Il était une fois un enfant des rues de Boclehardi, bien à l'ouest d'ici. Il vivait de bas larcins et de hautes voltiges. Il avait appris à se montrer discret, et à semer les gardes quand il ne l'était pas assez.
Dans les villes du nord comme celle-ci, les laissés-pour-compte et moins-que-rien de son genre sont appelés nul-or, car ils ne possèdent rien.

Un jour parmi tant d'autres où la faim le tiraillait, l'enfant s'aventura dans l'un de ces marchés à ciel ouvert pour chercher pitance. Les récoltes, en ce temps-là, étaient bien maigres, car les champs subissaient la colère d'Ysgrith. Les céréales étaient hors de prix, et les gardes veillaient au grain.
L'enfant se crut plus malin qu'eux. Agile, il s'empara d'un pain sur un étal. Rapide, il s'élança entre les badauds et les commerçants.

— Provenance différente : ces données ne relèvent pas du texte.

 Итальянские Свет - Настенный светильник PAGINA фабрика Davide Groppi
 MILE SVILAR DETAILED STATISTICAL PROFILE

Presque tiré d'affaire, un violent vertige le frappa soudain. Il n'eut pas le temps de se poser la moindre question sur son état que les gardes commençaient à l'encercler.
La tête lourde, il dut improviser une fuite dans ce quartier qu'il ne connaissait pas. Les sentinelles aux talons, il s'engouffra dans les ruelles de plus en plus étroites, espérant perdre ses poursuivants qui n'en démenaient pas.

À force de virages aléatoires, l'enfant se retrouva face à un cul-de-sac, où les gardes lui coupèrent tout espoir de retour en arrière. Mais alors que ces trois soldats s'apprêtaient à emporter leur proie, une porte s'ouvrit sur l'un des murs qui formaient l'impasse, et en sortit un prestre vêtu d'un grand voile blanc.
Celui-ci sortait un panier de linges tachés de pus et de sang, et se rendait sans nul doute auprès des lavandières. Il observa la scène de l'enfant apeuré, serrant le fruit de son larcin contre lui, acculé par les gardes. Il décida finalement de poser son panier, et de faire face à ces derniers.

« Que lui voulez-vous ? se dressa-t-il entre lui et eux.

— Ce nul-or a volé, présenta l'un des gardes avec le plus grand des calmes. Nous devons le pendre pour en faire un exemple.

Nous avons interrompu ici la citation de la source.